Sun May 05, 2024

By Lance Hawley

Sports Razorbacks

Kentucky routs Hogs, but Gage Wood draws high praise from Van Horn

Arkansas Baseball Razorbacks Baseball Gage Wood
Kentucky routs Hogs, but Gage Wood draws high praise from Van Horn
By Otis Kirk

No. 8 Kentucky got nice revenge on No. 2 Arkansas with an 11-3 win on Saturday in Lexington, but thanks to an outstanding pitching performance from Batesville's Gage Wood it wasn't a total loss.

Wood pitched 4.1 innings in relief of starter Brady Tygart, who struggled on the day. Wood allowed just three hits, three run, walked two and struck out six while throwing 79 pitches. Wood got a midweek start against Missouri State and pitched well. Following the game, Dave Van Horn had very high praise for Wood.

"Oh, I mean that was just a huge plus," Van Horn said. "I talked about that after the game. I mean, Gage didn’t just eat up innings, he’s getting ready to take somebody’s job. I loved what I saw. I thought he did a great job pitching Tuesday night.

"I mean really if you look at it he had one pitch going today. The breaking ball wasn’t there for him and he got them out with that fastball. It had good carry on it. They were having trouble hitting it and I thought he threw great. At the same time, he did save our bullpen for tomorrow and we’ve got them lined up. If things don’t go right early we’ll go straight to it."

Van Horn was asked did he mean long reliever, starter or what concerning Wood taking somebody's job?

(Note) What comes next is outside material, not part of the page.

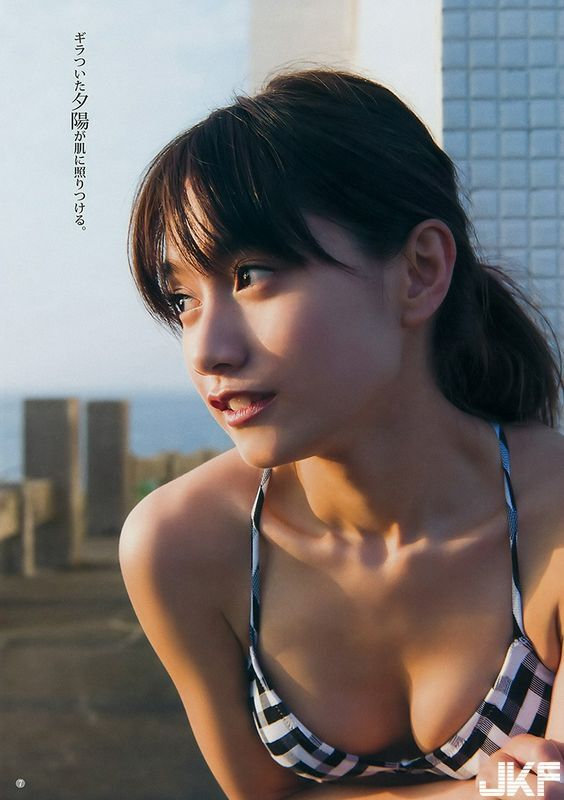 えっちなお姉さんのちょっとえっちなグラビア画像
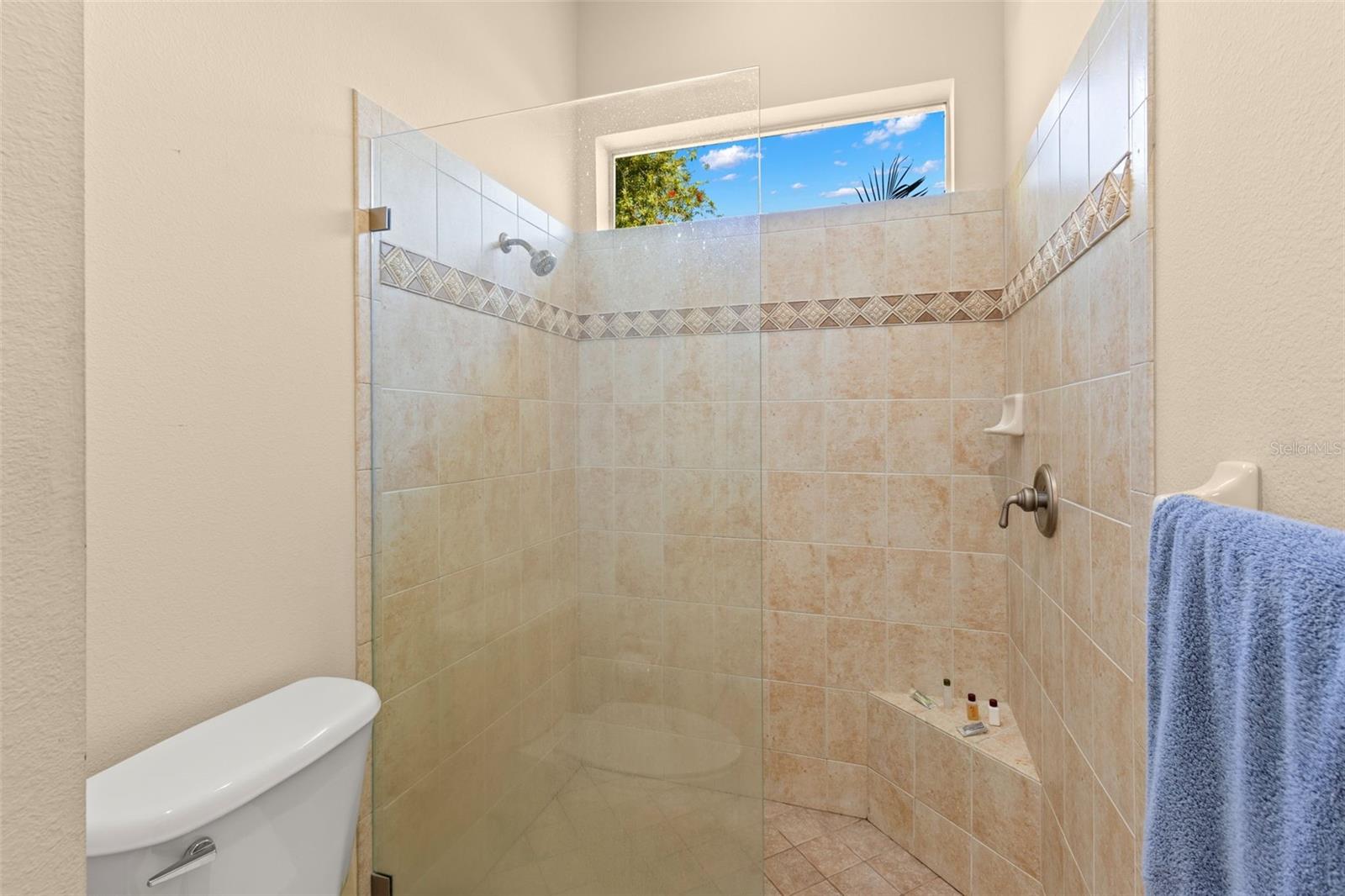 VILLAGES AT FOX HOLLOW PH 04 - Residential Lease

"He’s already a long reliever and he could close too," Van Horn said. "So he’s going to get his opportunity to start a game. He started on Tuesday and he started for a reason. And today we let him go about 75-80 pitches for a reason. So yeah, we’ll see how this turns out."

Tygart (4-2) started and went three innings and took the loss. He allowed six hits, five runs, walked three and struck out two. Van Horn talked about Tygart's rough outing.

"Probably when you talk about Brady today, the issue would have been he just didn’t throw his fastball for a strike," Van Horn said. "Didn’t throw it where he wanted it and it made it very difficult to pitch, because they just started sitting on off-speed pitches. That’s how that went."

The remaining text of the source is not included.